From: Keith D Gregory <keith_at_inconcert.com>
Date: Fri, 23 Oct 1998 14:43:20 -0400
Message-ID: <3630CE48.36A912E4@inconcert.com>


Thomas Kyte (tkyte_at_us.oracle.com) wrote:

> When you do an insert into a table, you need to get a block that has
> space. The place we will go is a freelist. Think of this like a
> shared data structure that has a list of blocks that have space free

> If we have more then one freelist -- when someone comes along to get
> a free block and someone else is doing the same -- they can process
> in parallel, each using a different freelist to get storage from.
>
> The effect on a table that is heavily inserted into can be dramatic.

IF you are not I/O bound.

Having multiple freelists means that the two sessions inserting into the same table will dirty twice as many blocks. These blocks will eventually have to be written to the disk, and in a high-throughput environment, this could cause your system to be maxed out (sooner or later, any disk system will reach its limit).

If you up the freelists and don't see a speed increase (or worse, see a decrease), this is probably the case.
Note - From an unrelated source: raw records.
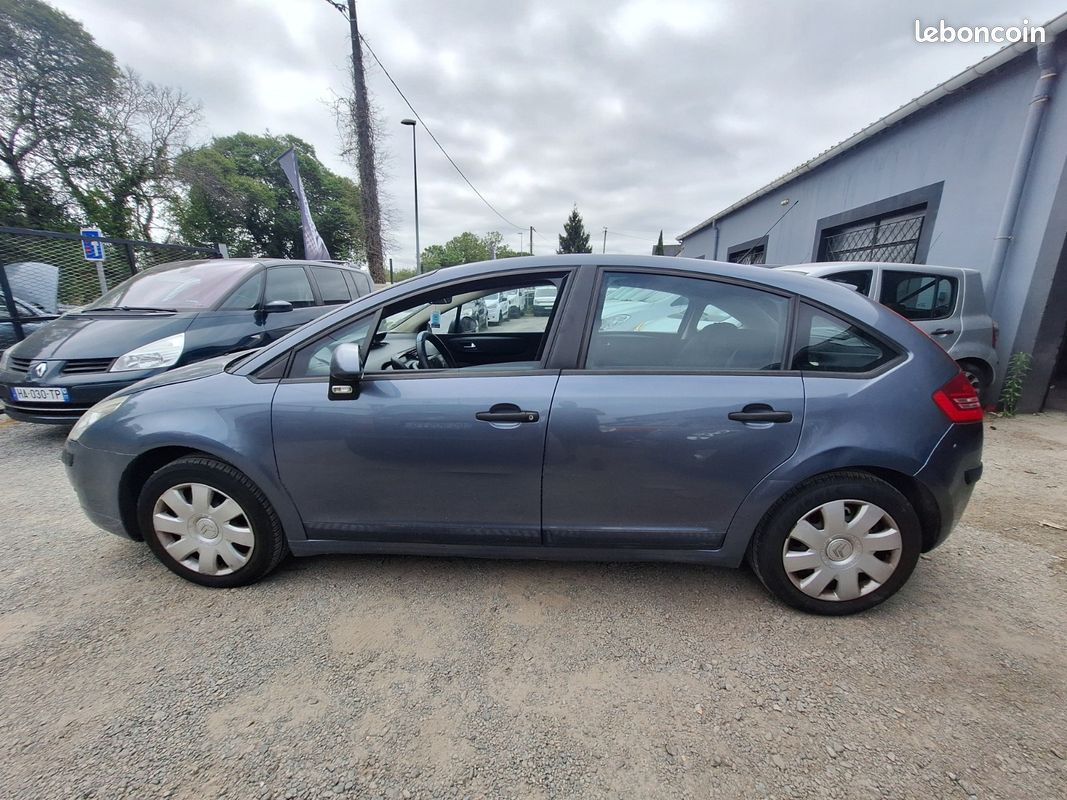 CITROEN C4 C4 1.4i 16V 90 Pack (image 2)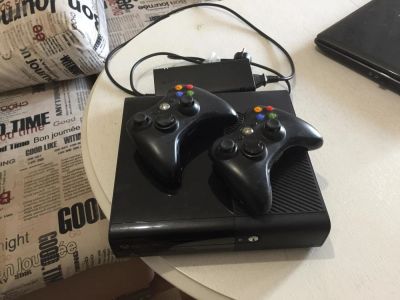Лот: 10219765. Фото: 1. Microsoft Xbox 360 E 500 ГБ. Игровые приставки, консоли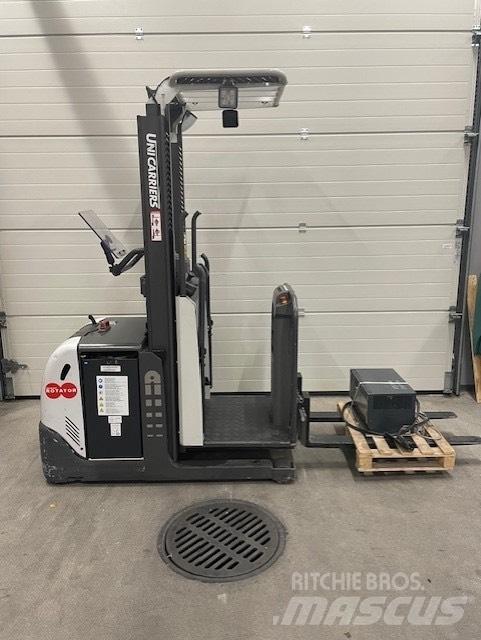 Atlet EPL100 中端式裝載機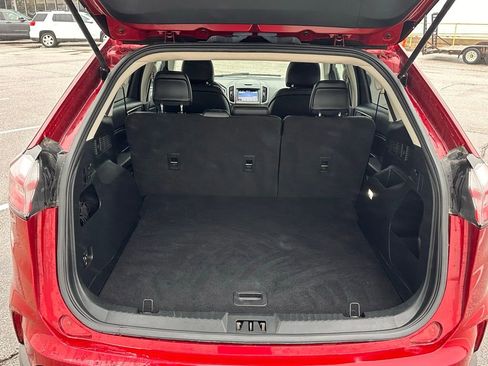 Used 2019 Ford Edge SEL w/ Equipment Group 201A image 16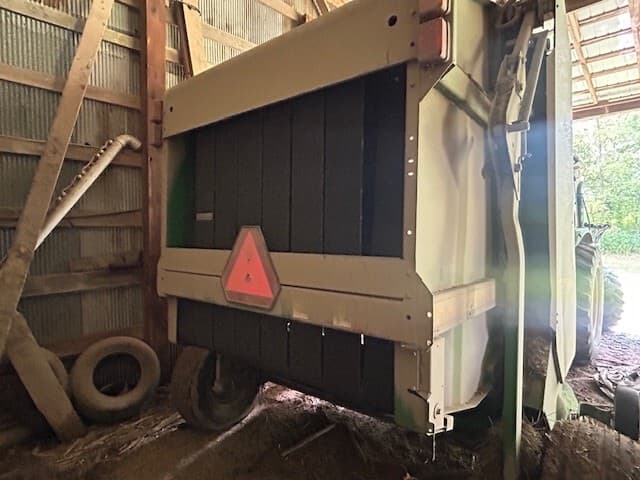 2011 John Deere 568 Image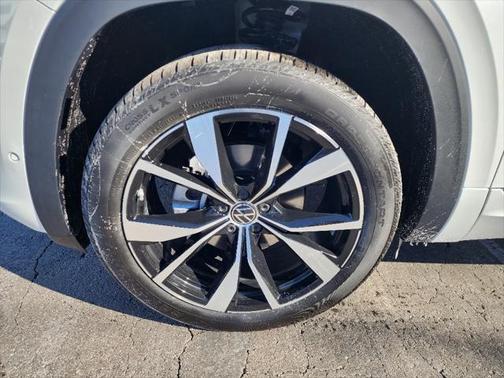 2025 Volkswagen Atlas 2.0T SEL Premium R-Line 4MOTION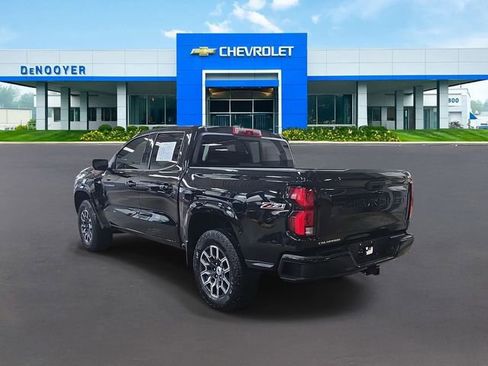 Used 2023 Chevrolet Colorado Z71 w/ Z71 Convenience Package 2 image 11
If you can make your application perform exactly the same work for multiple runs, you can use Bstat/Estat to see the difference: run Bstat just after the instance is started, then your application, then Estat. This will mean that (for all practical purposes) your application is the only thing causing dirty blocks, and the "physical writes" (or "DBWR blocks written") should show the difference.